C'est pourquoi il faut aller droit aux manuscrits et aux cahiers de prison du marquis pour découvrir, au passage, qu'une main policière a tracé ce qui suit sur une des couvertures : «Ces notes sont de la main de l'infâme marquis de Sade. » L'émotion qui vous saisit là n'a rien de religieux, on s'en doute. Vous vérifiez, une fois de plus, que Sade était un lecteur et un annotateur avide (Voltaire, d'Alembert), un amateur d'histoire, curieux de toutes les coutumes et de tous les pays (la Russie, l'Egypte).

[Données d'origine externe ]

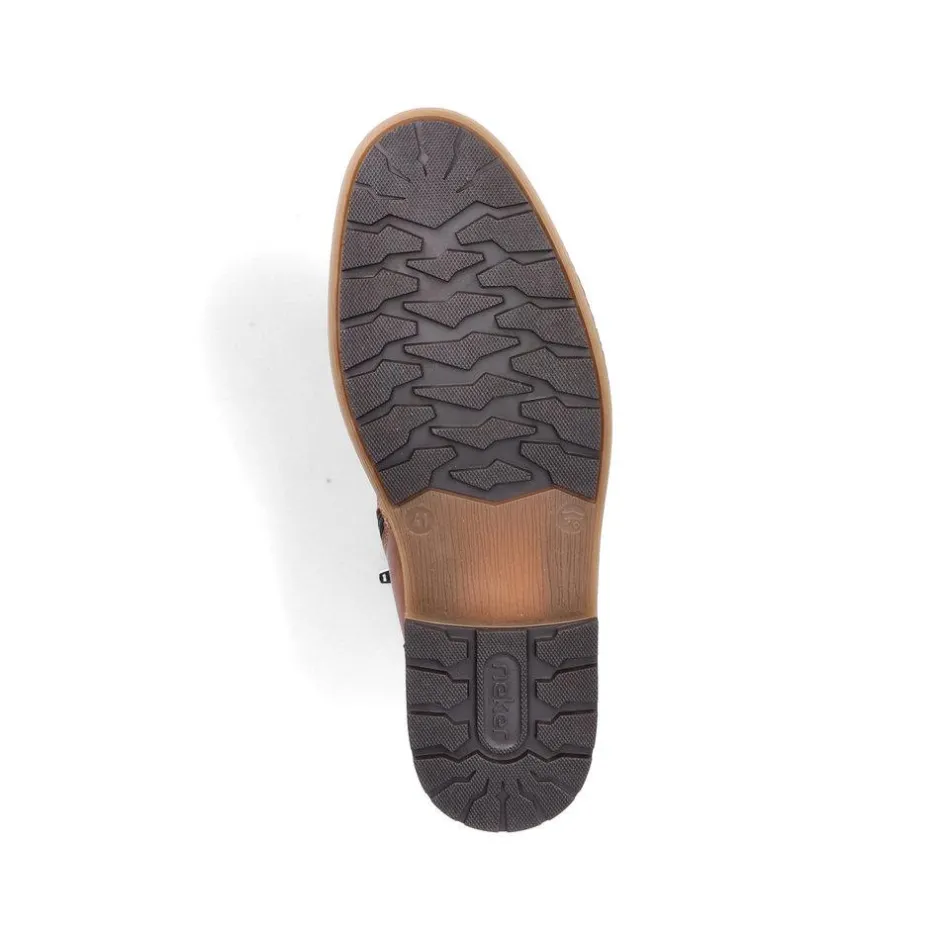 Rieker Men Laced Toe Cap Boot - Brown Leather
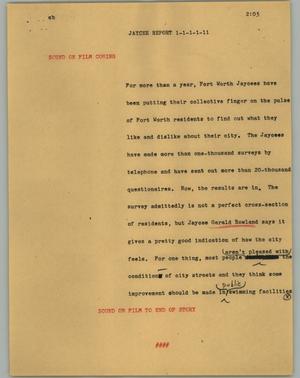 Primary view of object titled '[News Script: Jaycee report]'.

Vous voyez naître sa grande idée des deux sœurs : « L'une, très libertine, vit dans le bonheur, dans l'abondance et la prospérité; l'autre, extrêmement sage, tombe dans mille panneaux qui finissent par entraîner sa perte. » Implacable démonstration du renversement qui ne peut que nous indigner (mais aussi nous faire rire d'un drôle de rire) : la bienfaisance est punie, la pitié sanctionnée, la prudence châtiée, l'amour du vrai ridiculisé, la vertu persécutée, le vice récompensé; Sade va jusqu'à dire que le temps justifie tous les crimes, que la Nature opère dans ce sens, et il ose même déclarer, avec une incroyable désinvolture : « J'imite la main de la Providence ». Des remords ? Mais non : « Le remords, en vous déchirant, ne raccommoderait pas le mal que vous avez fait aux autres, et vous en ferait beaucoup à vous-même. » On se souvient ici de la devise de Juliette : « Le passé m'encourage, le présent m'électrise, je crains peu l'avenir. » C'est entendu, cette philosophie radicale déplaira. Mais « est-ce bien la peine de chercher à plaire à ceux qui ne s'occupent jamais qu'à déplaire aux autres ». La belle écriture noire continue, elle ébauche des récits courts ou longs, gais ou sombres («les Inconvénients de la pitié », « la Force du sang »), elle fait vivre le « taquinisme » d'une façon oubliée, chez ce personnage « d'un libertinage effréné, d'un taquinisme et d'une méchanceté sans exemple». Tout à coup une phrase étrange : « Les femmes sont comme le crocodile, elles flattent quand elles veulent mordre. » Sade a son cahier de « phrases refaites », un autre de «reparties plaisantes et paroles remarquables ». Bref, il n'arrête pas.

Entraînement constant, fouilles dans la langue elle-même à travers des listes d'antonymes et de synonymes, ouverture répétée vers la prolifération. Je trouve particulièrement révélatrice cette liste effervescente : «faveurs, attraits, traits, beauté, désir, plaisirs, volupté, touchants appas, divins, doux, amours, sentiments, soupirs, naître, grâces, dieu-dieux, déesse, tendresse, odeurs, feux, flammes, âme, cœurs, penchants, rose, fleurs, tendrement, ardemment, joies, délices, candeur, naïveté, œil, yeux, bouche, trône, empire, fers-chaînes», après quoi deux mots barrés : « captiver, soupirer ». Et ça reprend, comme une fugue : «illusions, prestige, rigueurs, choix, foi, idéal, souvenir, promesse, fête, bonheur, malheur, inspirer, respirer, désirer, souhaiter, jouissance ». Sade est au clavecin, il improvise, il fait monter les mots, il compose, en vrai musicien baroque (c'est un génie baroque), une Suite française, à la Bach. Quel charme, quelle fraîcheur.